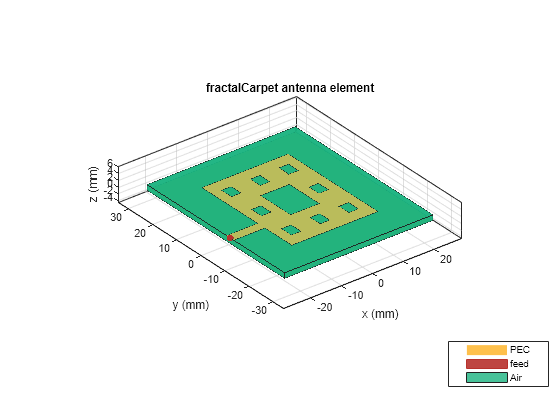 Multiband Nature and Miniaturization of Fractal Antennas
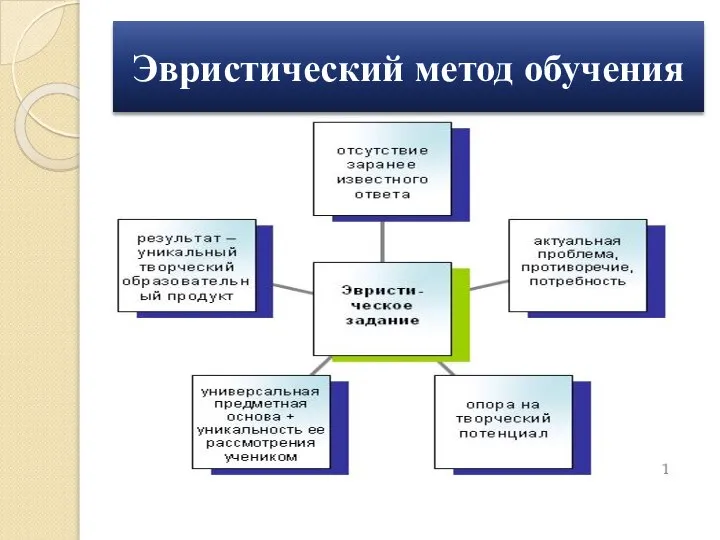 Эвристический метод обучения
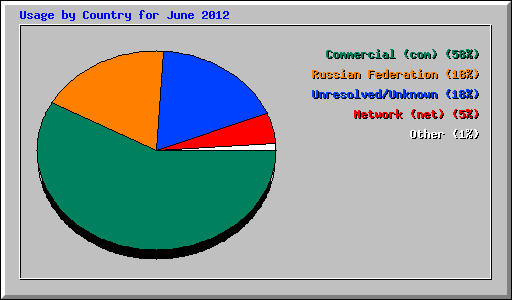 Usage by Country for June 2012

### Work to complete
With the pictures removed, output the listing above exactly.

### Exercise solution
 Multiband Nature and Miniaturization of Fractal Antennas
 Эвристический метод обучения
 Usage by Country for June 2012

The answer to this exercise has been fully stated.